The disaster of overdeveloping without adequate infrastructure is starting to show on Maybank Highway. The inane concept of the “gathering place” was pushed by former Charleston planner Tim Keane and supported by Mayor Joe Riley, although it was opposed by locals who understood the potential traffic problems, the eyesores, and the futility of thinking residents could walk everywhere, when in fact there is nowhere to walk to.

Keane, who also supported very dense development at the Sergeant Jasper site, left Charleston before the disasters would come to fruition.

Mayor Riley will also be out of office when James Island is paralyzed by gridlock.

My point is not just to attack planner Keane and Mayor Riley, although they are responsible for most of the poor planning. City Council always sees things in the “mayor’s light.” Suburban sprawl, like that in Mount Pleasant and West Ashley, should not be allowed until adequate infrastructure is planned and budgeted for.

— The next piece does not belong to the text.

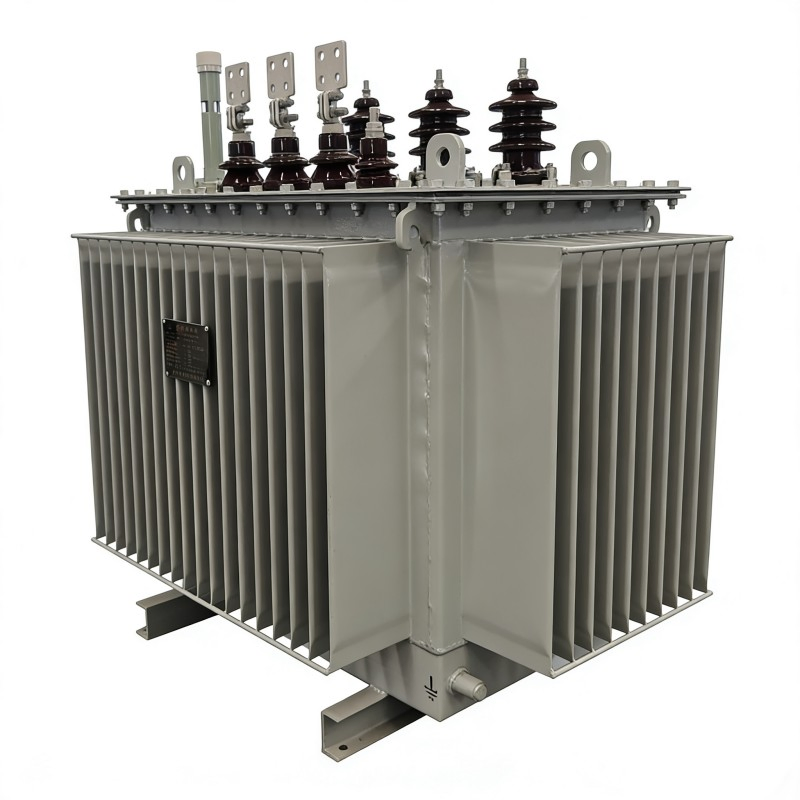 Schneider Amorphous Alloy Independent Winding Low Frequency Instrument Oil-Immersed Transformer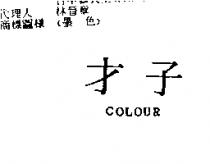 才子 COLOUR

The I-526 extension is another example of politicians pushing a project down the throats of a knowing public who see the folly in a road that just connects bottlenecks.

When the public is wrong, it costs nothing.

When County Council is wrong, it costs hundreds of millions of dollars and accomplishes little.

You editorial calling for the Legislature to raise the gas tax segues into a similar theme. I agree the gas tax should be increased as a partial fix for our road problems, but I shudder at the idea of giving additional money to a very untrustworthy General Assembly. Even if this revenue is put in a separate account to be used only for road work, the Legislature would find a way around it.

Zero-based budgeting has been used by successful companies for many years, but very few politicians want to be thought of as good budgeters. They would rather be known as great dreamers.

Unless we hold politicians responsible for their spending, we should expect nothing to change.